I met Henry (not his real name) through Match.com.  Our first date we met at a trendy restaurant downtown known for good food and its brewery.  From the start, it was pitch perfect.  He was tall, dark, and handsome, with sparkling eyes and a killer smile.  He was smart, with a law degree and an ambitious plan for his career, and well-read.  The two hours passed in a blur of witty repartee, deep conversation, and not-so-subtle flirting.  We left the restaurant and made out on the corner of the street as downtown traffic whizzed by and I couldn’t have cared less.  (In retrospect, probably where it started going wrong.)  I texted my friend on my way home that this was THE ONE.  (Spoiler Alert: He wasn’t.  But funny how certain I was!)

Date Two.  He texted me at the requisite 24+ hour mark (gold star!) and we got together soon thereafter.  We met in my neighborhood at a local restaurant, walked around the block, and ended up at an ice cream shop.  I remember two things: (1) whereas I was comfortable walking in companionable silence, he was not and kept pressuring me to fill it without apparently feeling the need to make conversation himself and (2) we made out in the cemetery near the center of town in broad daylight with traffic again whizzing by.  (Again, not a strong choice and one I still feel embarrassed about.)  I knew it wasn’t as fantastic as the first date, but I figured just a bump on the road to love, right?  (I also asked a friend’s boyfriend for feedback and he said, you got ice cream and made out, sounds like a great date!  Sooo not all advice is good.)

Date Three.  On the prior date, he had suggested that we get together for the local Irish festival and so I waited, and waited, and waited for him to give a time.  He finally gave me a time…on the day of.  Red flag, right?  But I didn’t see it.  We walked around the festival, stopping intermittently for heavy PDA, and I thought it was the perfect date.  Back on track!  Boo-yah!

Date Four.  I was so excited about him, so sure that he was right, that I set up a happy hour to introduce him to a couple of my friends.  Was I a little jealous that he seemed to flirt with one of my married friends and she didn’t seem to mind the attention?  Maybe.  Did it keep me from making out with him again?  It did not.  I was so attracted to him, I couldn’t see any of the signs or any of the problems.

Date Five.  He completely flaked on the plans that I had set up (and bought tickets for) so we instead did a church activity of a cross-town scavenger hunt.  We actually won, but he seemed uncomfortable, barely touched me, and the night went downhill from there.  During dinner, he started asking me for tips on how he could improve his Match profile (subtle, right?).  I first thought he was joking and played along, but it quickly became clear that he wasn’t.  I confronted him and he finally said that he didn’t think it was working out. (Nice of him to make me be the one to force the issue.)

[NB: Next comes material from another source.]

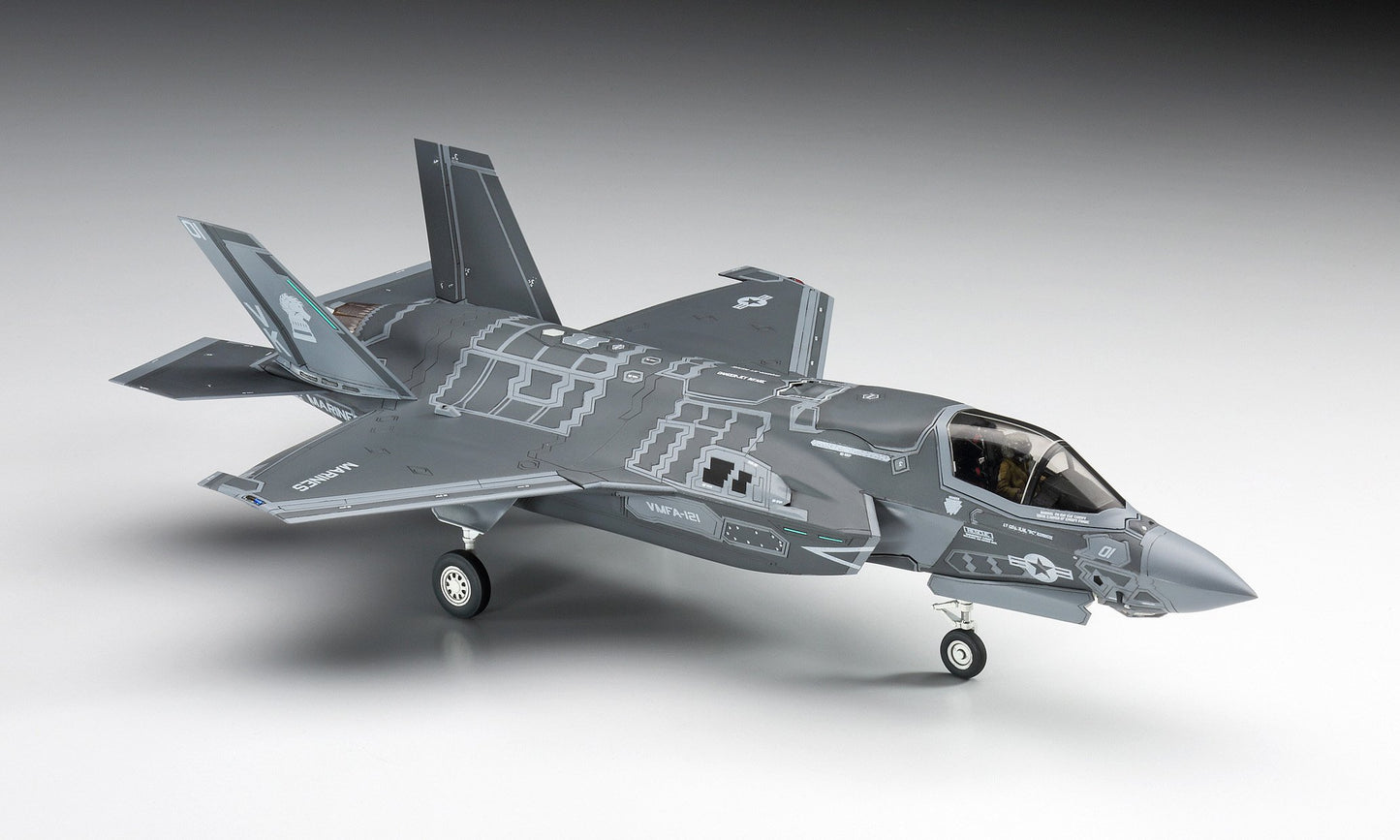 Hasegawa HAE46 F-35 Lightning II B Version US Marine Model Kit, 1:72 Scale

I drove home crying that night.  Although I can see it clearly now, at the time I was completely shocked.  I had truly thought everything was going so well – CLEARLY he was attracted to me!  We made out everywhere!  But I didn’t recognize that the physical side was just masking a lack of commonality, a lack of conversation, and a lack of true interest.

I had spent a month building up this guy in my mind, talking about him to my friends, imagining a future together.  When it ended abruptly, I felt like I had lost more than just a handful of dates, that I wasn’t good enough for him, pretty enough, whatever.  But at the end of the day, it wasn’t any of that.  We just weren’t right for each other.